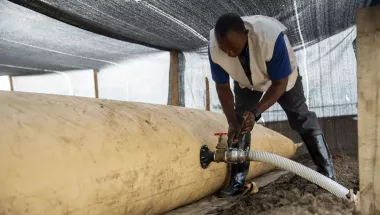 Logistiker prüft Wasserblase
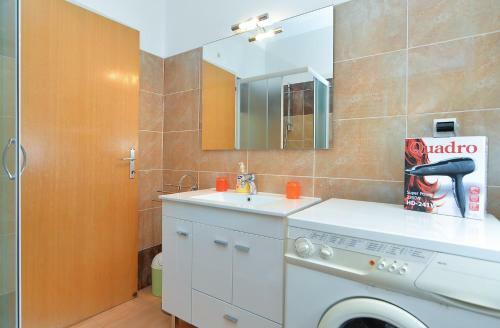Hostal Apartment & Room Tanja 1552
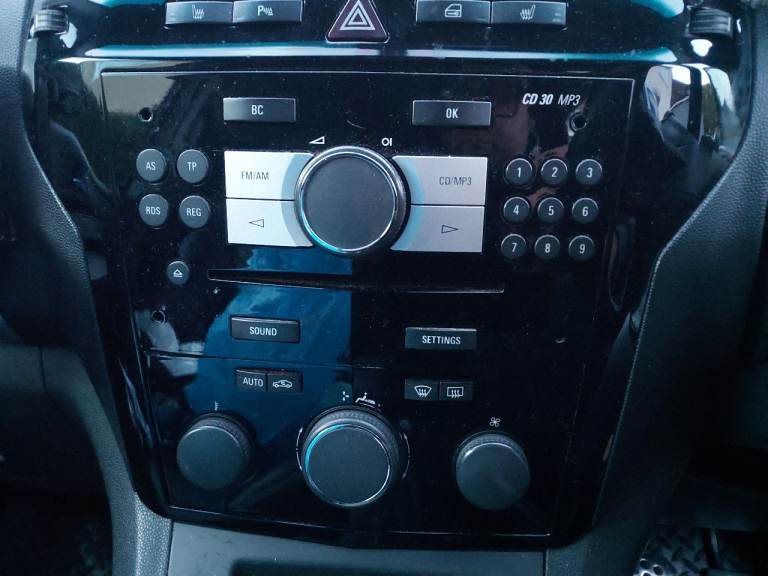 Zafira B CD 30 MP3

* * * * * * *

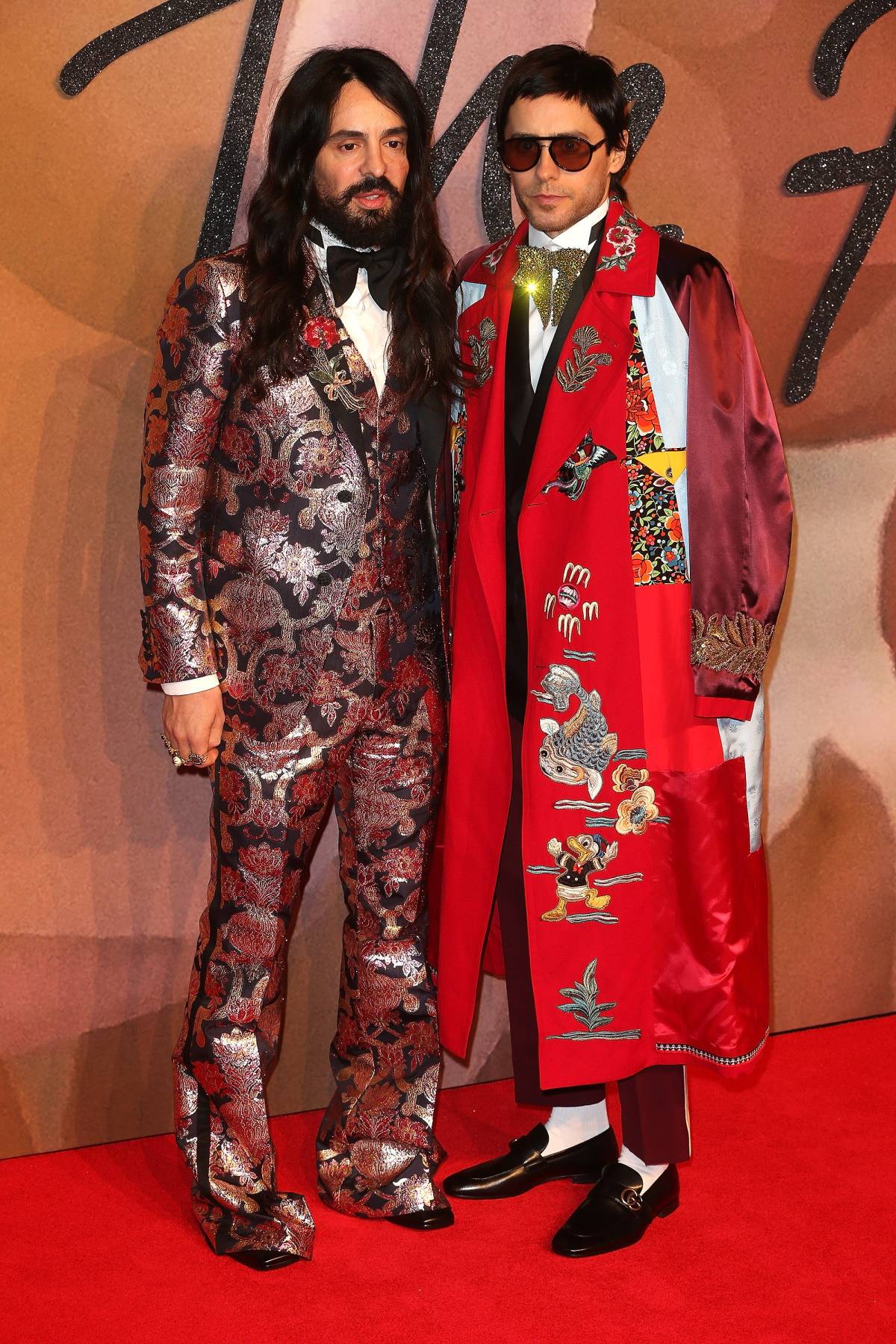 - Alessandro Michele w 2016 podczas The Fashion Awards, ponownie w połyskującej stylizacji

* * * * * * *

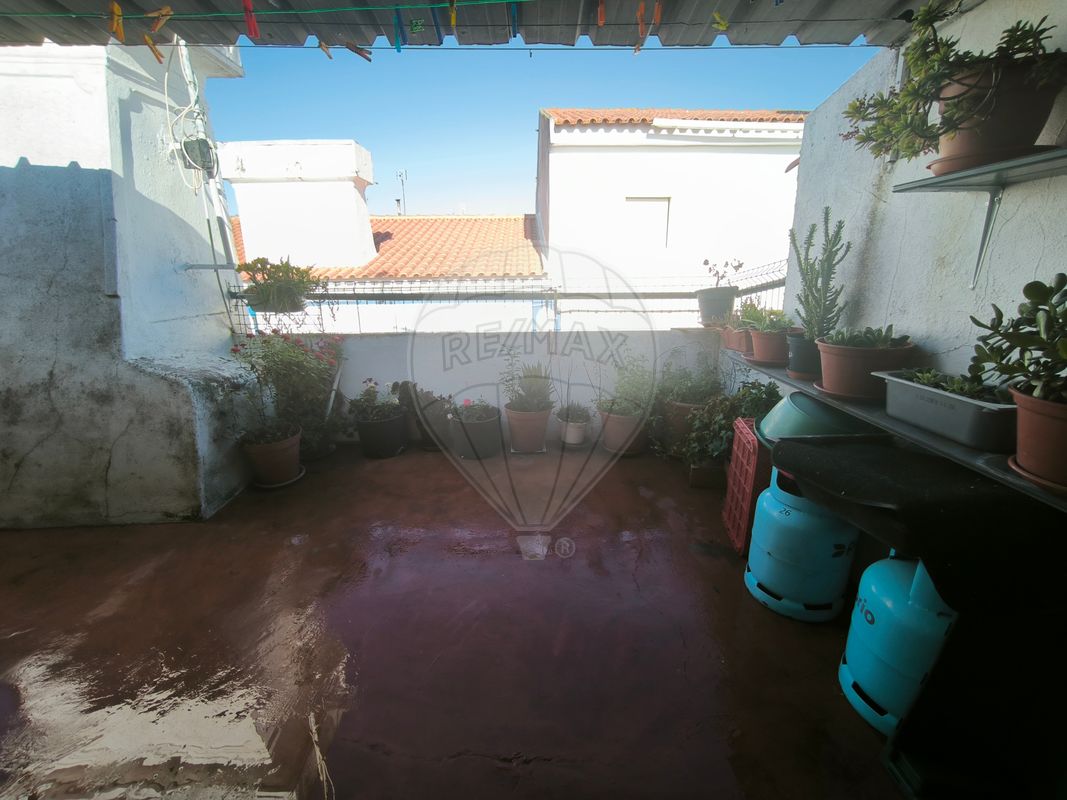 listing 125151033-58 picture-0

* * * * * * *

**The task:** Return exactly the part of the listing above that opens with the line containing "Logistiker prüft Wasserblase" and closes with the line containing "Zafira B CD 30 MP3". Pictures stay out.

**Answer area:**
 Logistiker prüft Wasserblase
Hostal Apartment & Room Tanja 1552
 Zafira B CD 30 MP3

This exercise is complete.